The decision comes after Campari acquired Picon in 2022, with Diageo initially agreeing to continue manufacturing Picon products for a transitional period of two years.
Now, Campari intends to transfer the production to its facility in Aubevoye, situated northwest of Paris.
“This is a standard procedure that we have planned to do since the closing of the acquisition,” stated a spokesperson for Campari Group. “We aim to anchor brands to their territories, and this is a part of the brand’s heritage.”
Picon, known for its distinct French flavor, has a strong foothold in its domestic market, with approximately 80 percent of its €21.5 million (US$23.3M) sales in the fiscal year ended June 2021 coming from France.
In Campari’s 2023 annual report, France and Belgium were identified as the “core markets” for Picon.
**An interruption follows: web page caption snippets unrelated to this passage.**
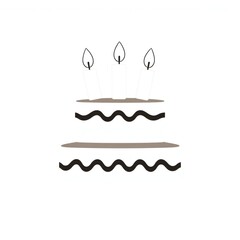 Simple black and white illustration of a layered cake with candles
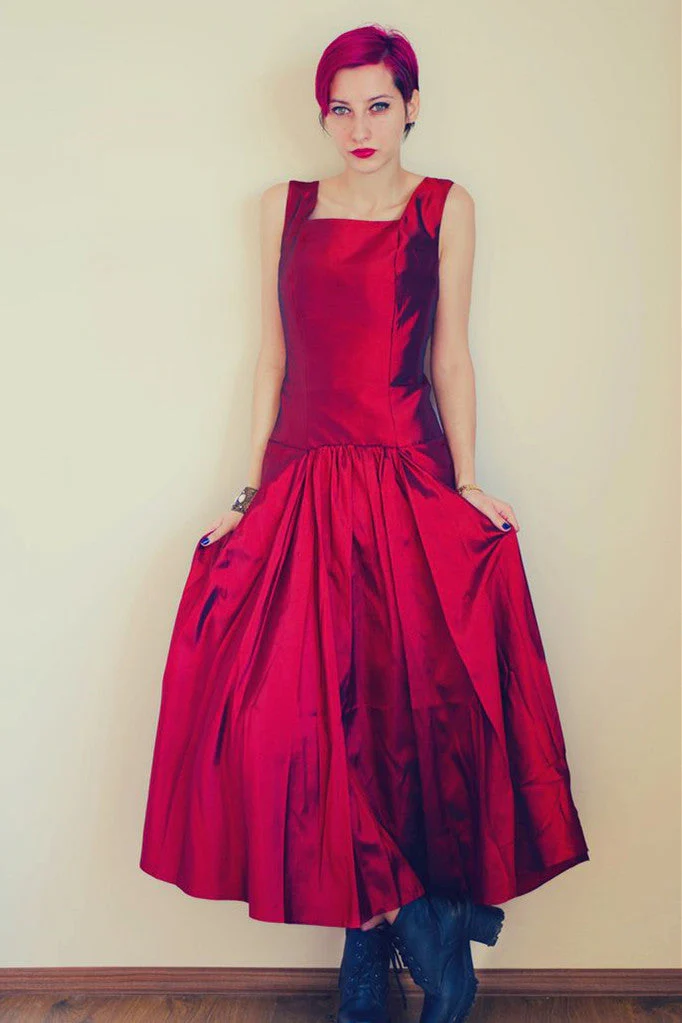 A-line Wide Straps Ankle Length Backless Charmeuse Evening Dress - Image 5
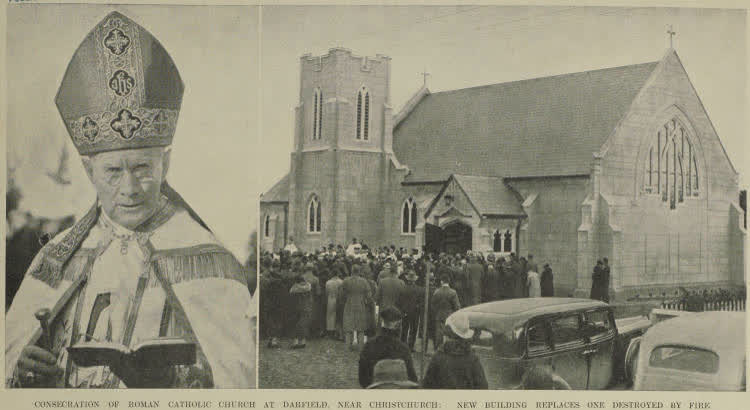 Consecration of Roman Catholic church at Darfield, near Christchurch: new building replaces one destroyed by fire, 1937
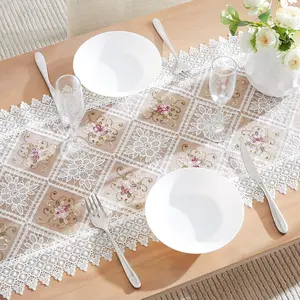White Farmhouse Table Decor - Macrame Table Runner with Flower Design. 72 Inch Dining Runner for Holidays or Weddings. (Viola 16 x 72, White)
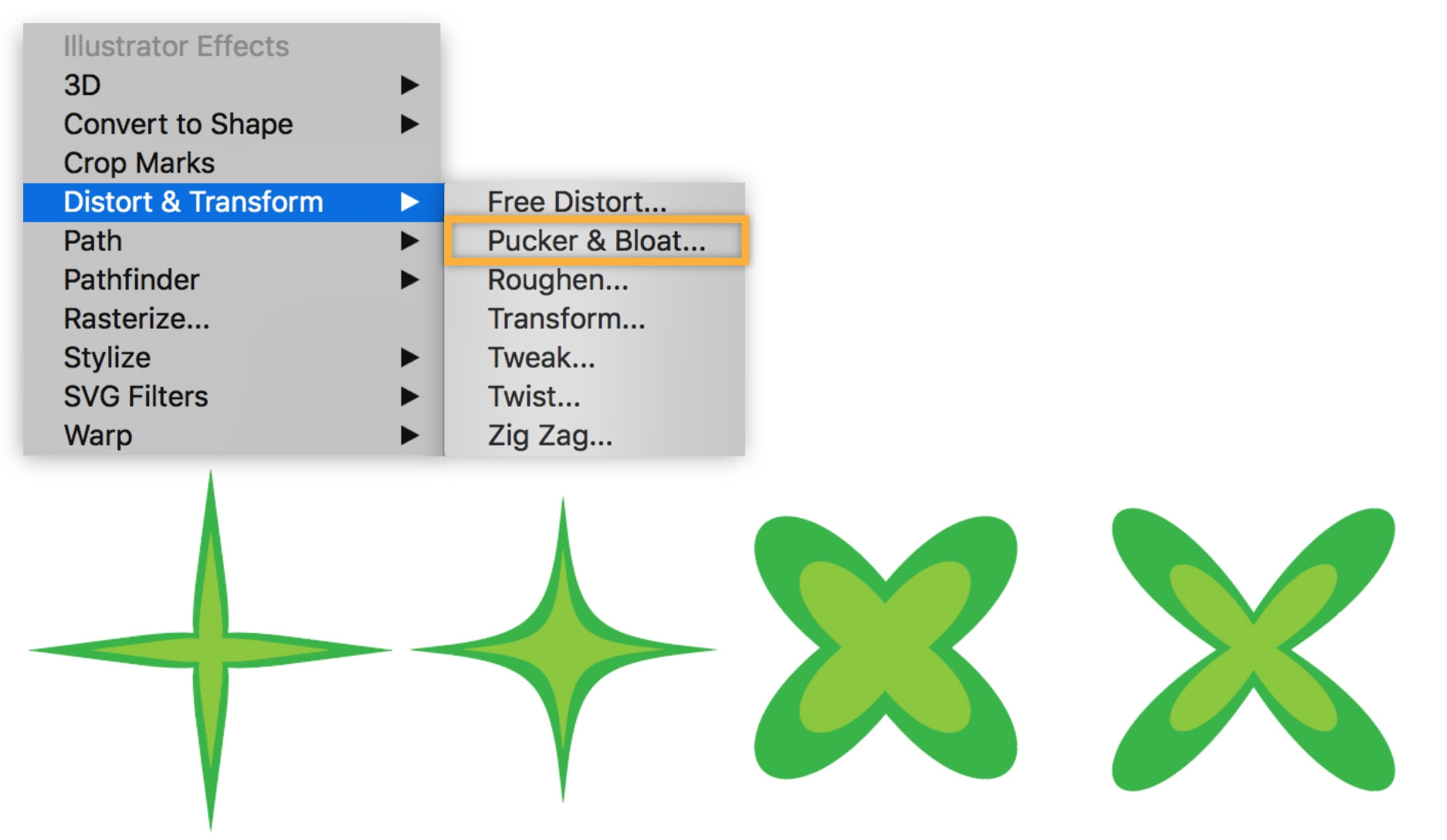 The circles are transformed into four-point stars and four-leaf clovers using Pucker & Bloat in the Distort & Transform menu. The circles are transformed into four-point stars and four-leaf clovers using Pucker & Bloat in the Distort & Transform menu.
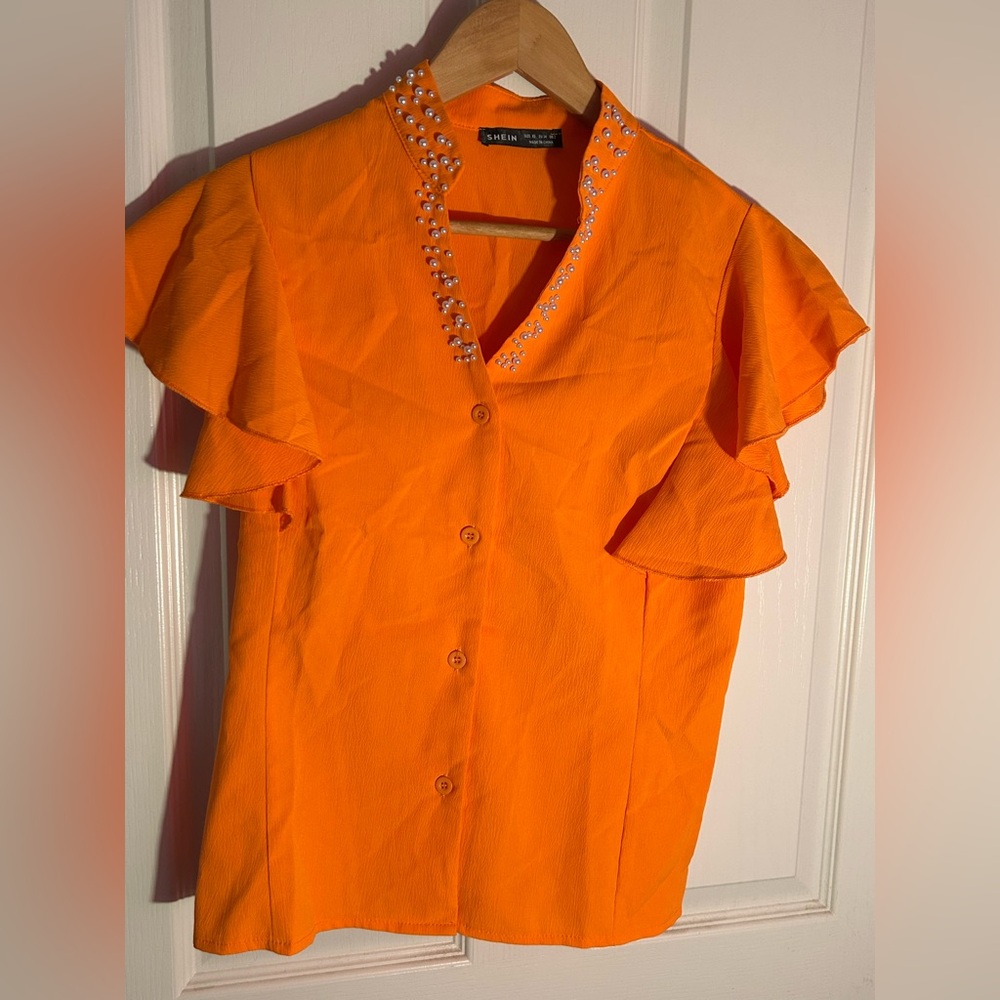 SHEIN Orange Ruffled Mandarin Collar Blouse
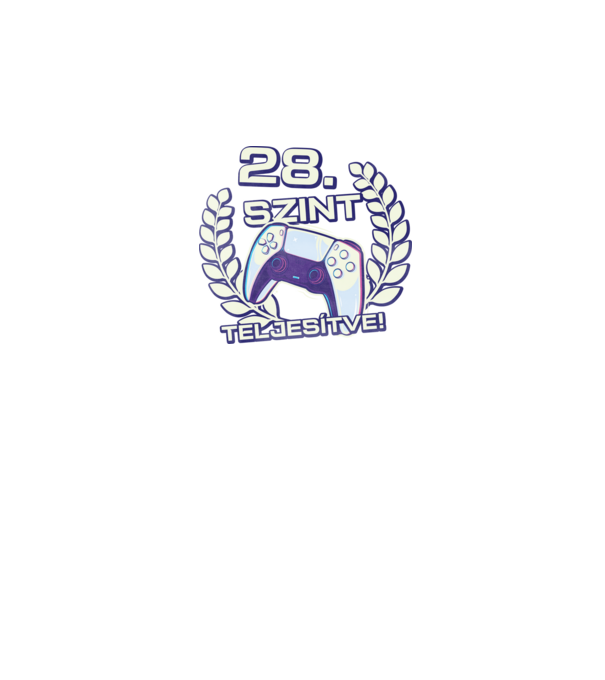 28. szint teljesítve PS5 v2 minta sötétkék pólón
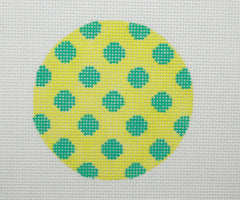 Kate Dickerson Needlepoint Collections Bright Disk Letter - Lime with Turquoise Polka Dots Needlepoint Canvas
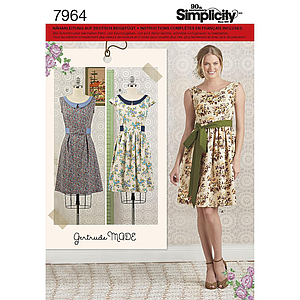 Patrón Simplicity 7964.H5-Vestido Vintage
In addition to the internal restructuring surrounding Picon, Campari Group made headlines late last year with the announcement of its acquisition of Courvoisier, a renowned Cognac brand, from Beam Suntory for up to US$1.32 billion.
The deal is set to be Campari’s largest acquisition to date underscoring the company’s commitment to strategic expansion and portfolio diversification.
The Italian company’s full-year sales rose by 8.2 percent (on a reported basis) to €2.92 billion (US$3.1bn). Fourth quarter (Q4) sales increased by 10.6 percent. In the first six months of 2023, the Milan-based group’s sales grew by 14.2 percent.
Campari attributed the group’s positive full-year performance to ‘solid brand momentum’, led by double-digit gains for apéritif brands Aperol and Campari, and Espolòn Tequila.
By market, the group recorded increases in all regions, with the US – its biggest market with 44 percent of total sales – rising by 7.7 percent.
For 2024, the group said it ‘remains confident on continued industry outperformance in a normalising macro environment’.
Matteo Fantacchiotti, deputy CEO of Campari Group, expressed confidence in the company’s growth trajectory, stating, “We will continue our transformational growth journey, leveraging Campari Group’s key strategic pillars, combining organic and M&A growth, geographic and portfolio expansion, and balancing growth with returns.”